• _PROBLEM STATEMENT_
Under this line is a listing; return exactly the lines starting at the one with "Vineyard Grapes Watercolor" and running down to the one with "Imagem de Camiseta", and leave out its pictures.

• _RECORDS PROVIDED_

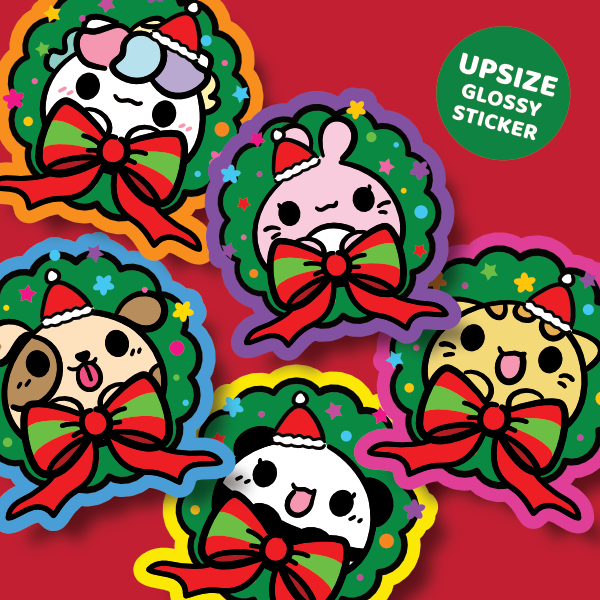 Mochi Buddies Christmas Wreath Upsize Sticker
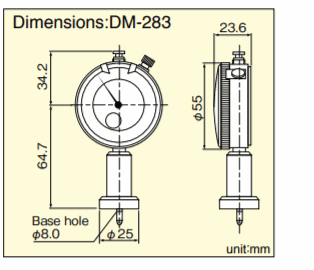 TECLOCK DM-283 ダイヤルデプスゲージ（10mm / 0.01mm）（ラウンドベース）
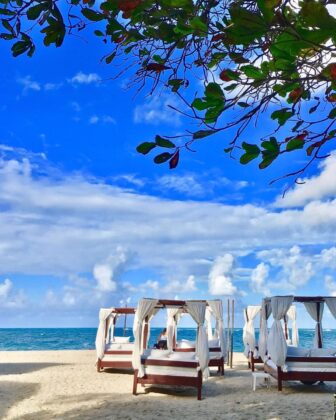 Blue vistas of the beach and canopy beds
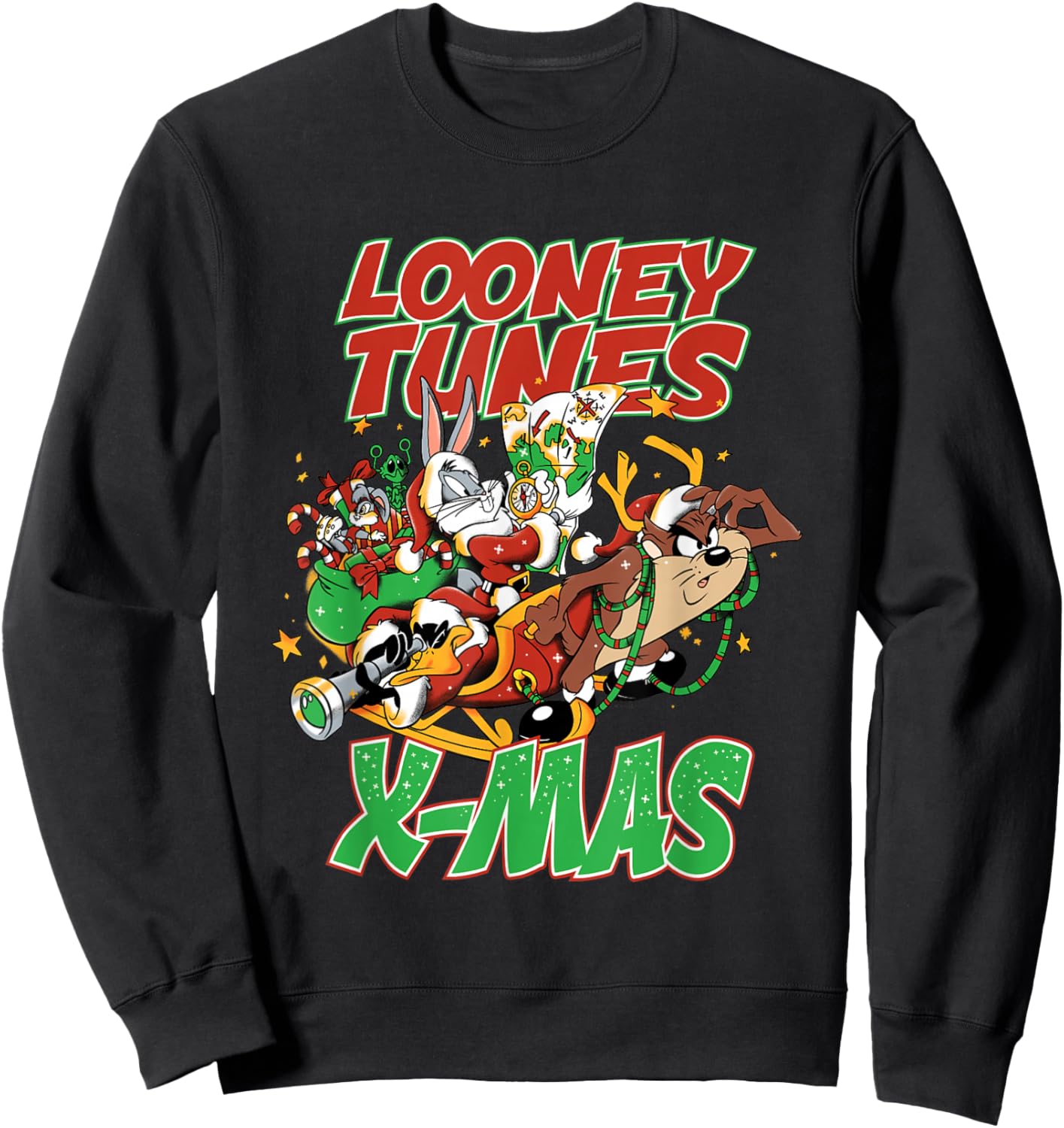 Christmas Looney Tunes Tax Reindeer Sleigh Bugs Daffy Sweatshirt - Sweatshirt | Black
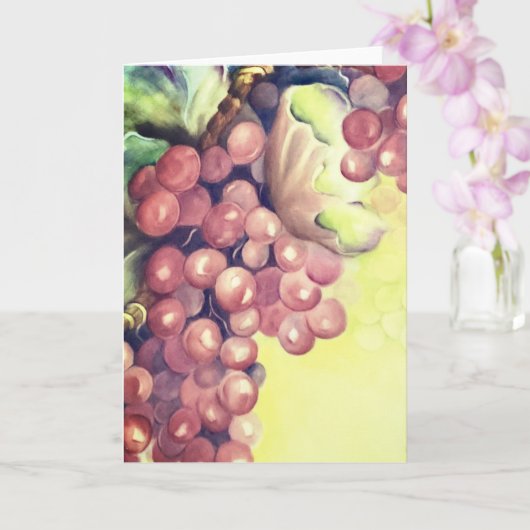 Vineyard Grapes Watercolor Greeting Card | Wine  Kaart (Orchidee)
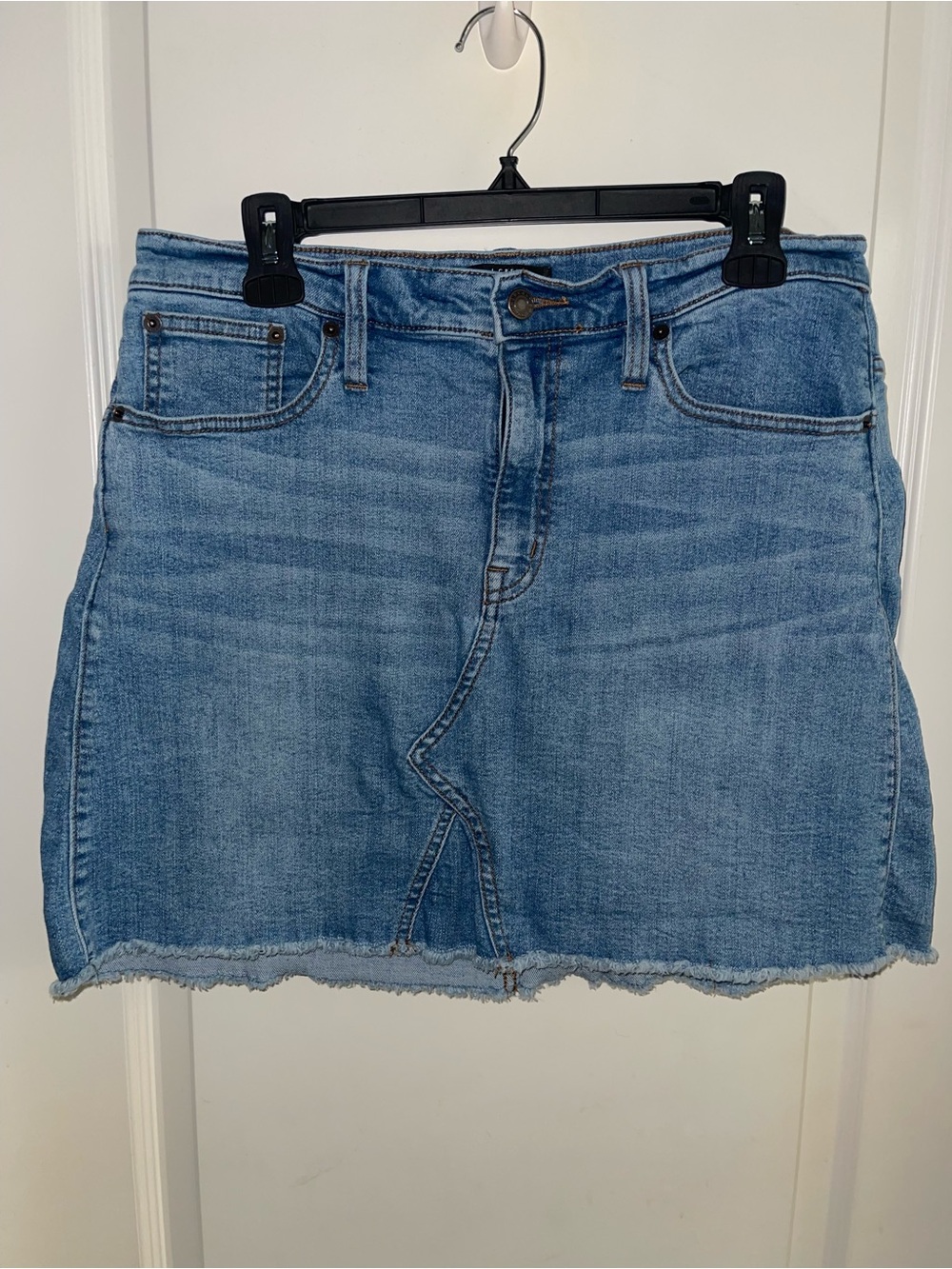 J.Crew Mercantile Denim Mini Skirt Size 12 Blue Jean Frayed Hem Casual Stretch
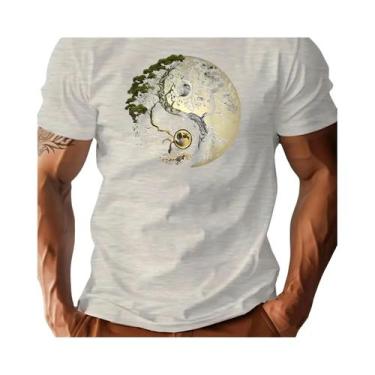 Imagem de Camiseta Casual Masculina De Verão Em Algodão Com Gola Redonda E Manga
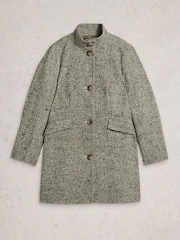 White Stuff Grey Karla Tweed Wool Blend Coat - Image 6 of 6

• _YOUR SOLUTION_
 Vineyard Grapes Watercolor Greeting Card | Wine  Kaart (Orchidee)
 J.Crew Mercantile Denim Mini Skirt Size 12 Blue Jean Frayed Hem Casual Stretch
 Imagem de Camiseta Casual Masculina De Verão Em Algodão Com Gola Redonda E Manga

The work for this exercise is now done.